◆ What needs to be done: Scan the records below for the line with "5101 Dakota Drive, West Des Moines, IA 50265" and the line with "Prodej velmi pěkného". Repeat those two lines and every line between them exactly, and nothing else.

Stored items from a collection:
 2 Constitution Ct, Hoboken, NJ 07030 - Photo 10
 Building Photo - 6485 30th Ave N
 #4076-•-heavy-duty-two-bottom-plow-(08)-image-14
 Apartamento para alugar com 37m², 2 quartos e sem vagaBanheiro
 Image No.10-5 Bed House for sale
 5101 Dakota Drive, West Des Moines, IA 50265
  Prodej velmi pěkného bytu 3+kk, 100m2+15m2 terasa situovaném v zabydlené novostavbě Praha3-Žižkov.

...

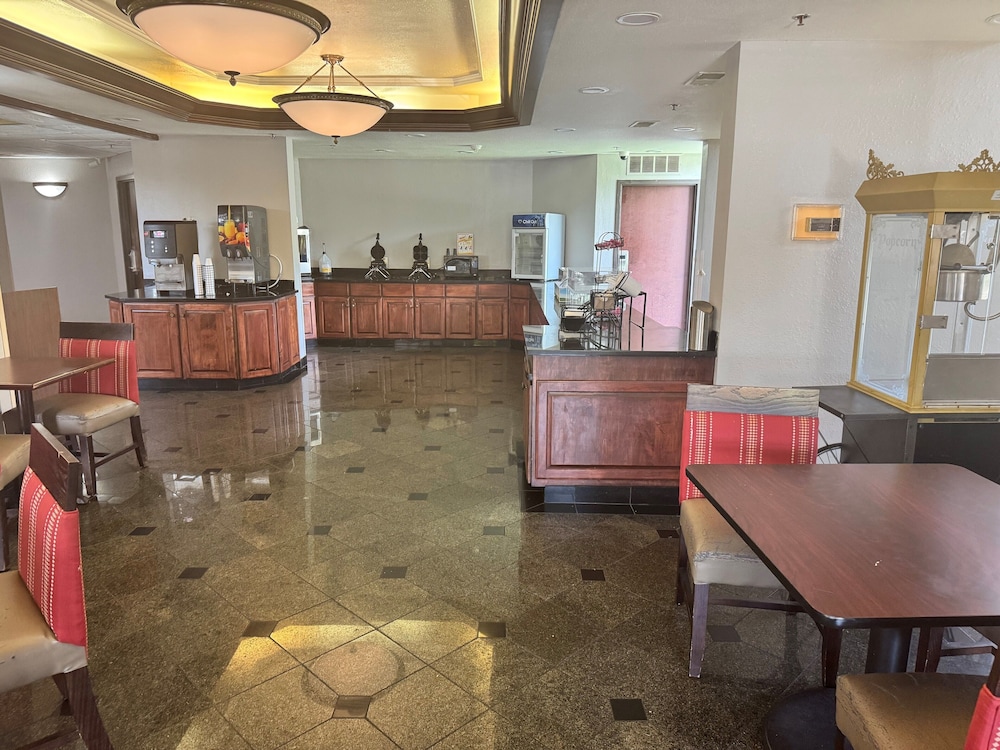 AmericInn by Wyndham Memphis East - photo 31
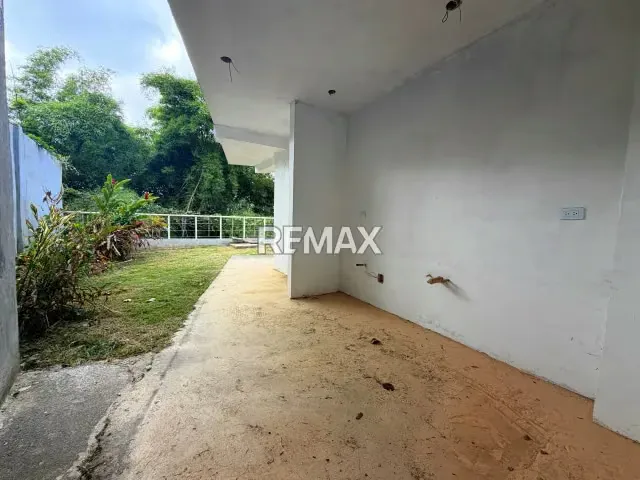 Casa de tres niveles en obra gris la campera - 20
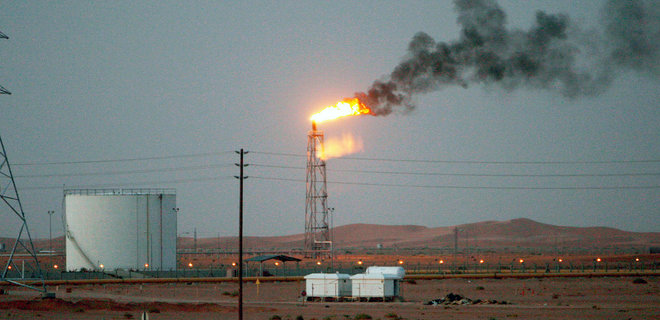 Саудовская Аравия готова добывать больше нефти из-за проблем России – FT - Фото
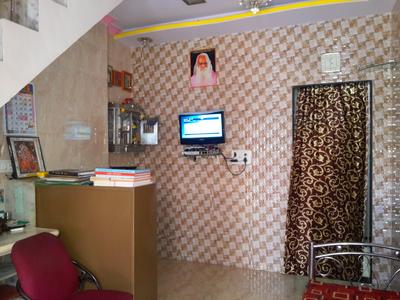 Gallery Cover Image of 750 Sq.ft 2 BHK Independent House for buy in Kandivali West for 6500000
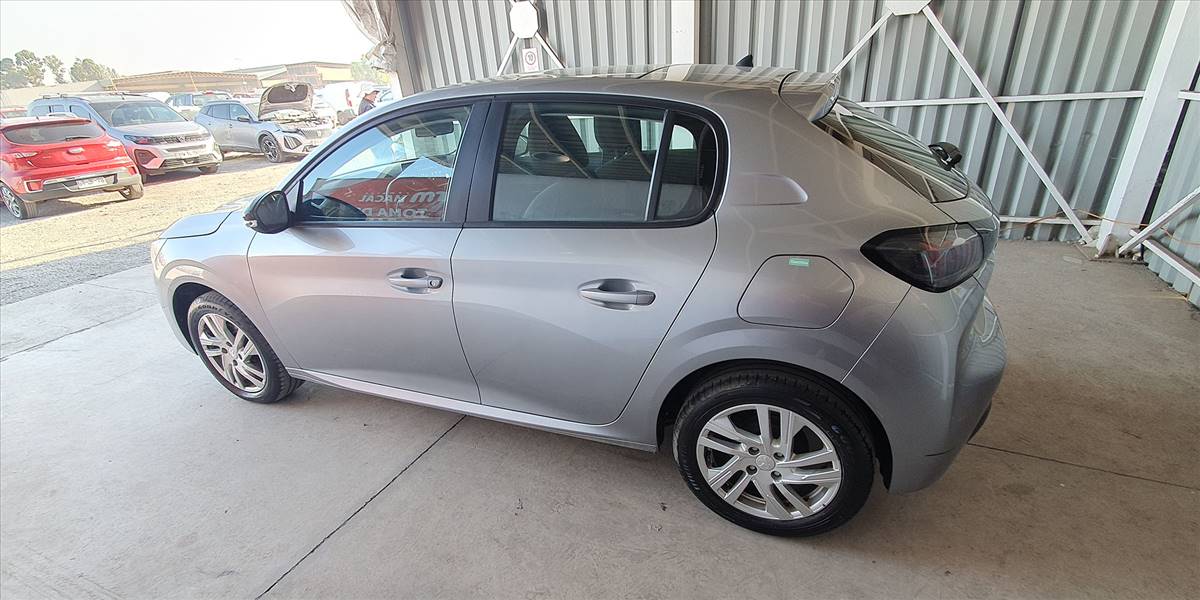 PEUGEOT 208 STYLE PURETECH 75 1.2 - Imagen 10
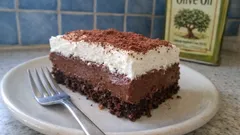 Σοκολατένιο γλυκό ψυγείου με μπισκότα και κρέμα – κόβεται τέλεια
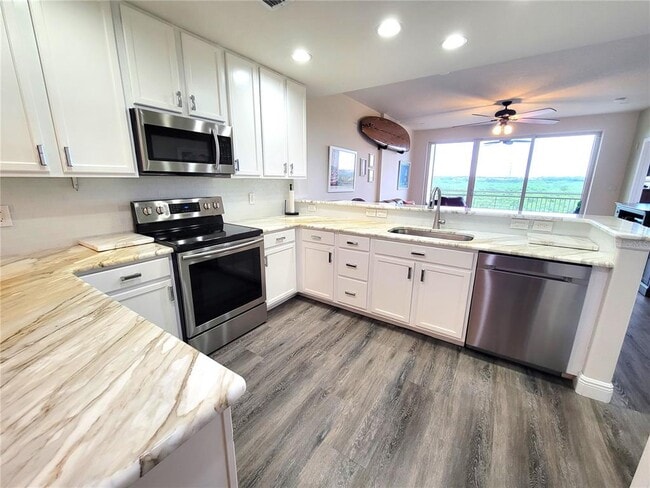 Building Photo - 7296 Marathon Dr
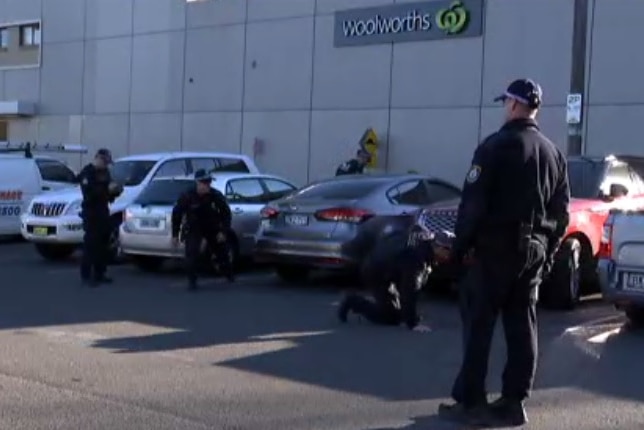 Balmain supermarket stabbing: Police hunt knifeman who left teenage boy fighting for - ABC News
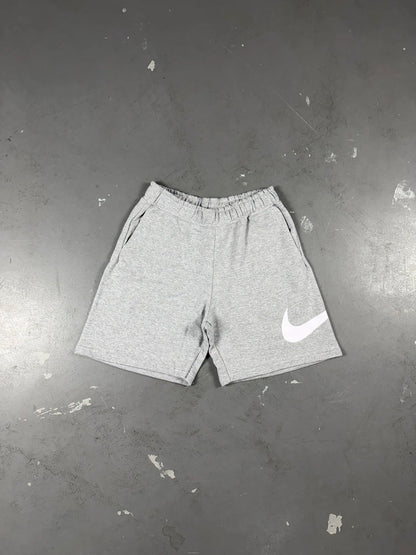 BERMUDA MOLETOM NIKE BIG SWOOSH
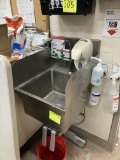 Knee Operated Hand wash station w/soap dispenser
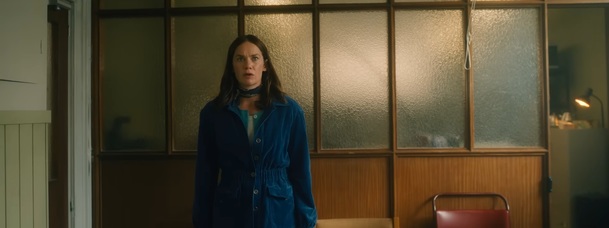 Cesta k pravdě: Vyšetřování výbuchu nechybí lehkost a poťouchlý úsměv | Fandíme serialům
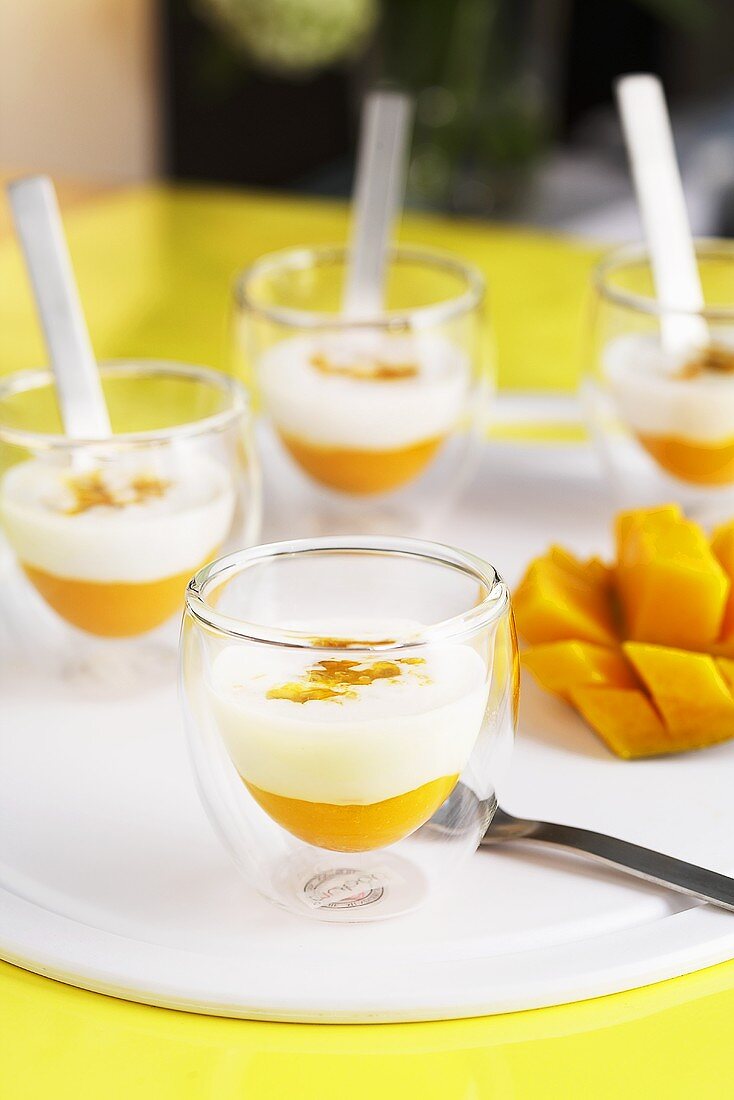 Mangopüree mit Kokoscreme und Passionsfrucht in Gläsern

◆ Solution for this task:
 5101 Dakota Drive, West Des Moines, IA 50265
  Prodej velmi pěkného bytu 3+kk, 100m2+15m2 terasa situovaném v zabydlené novostavbě Praha3-Žižkov.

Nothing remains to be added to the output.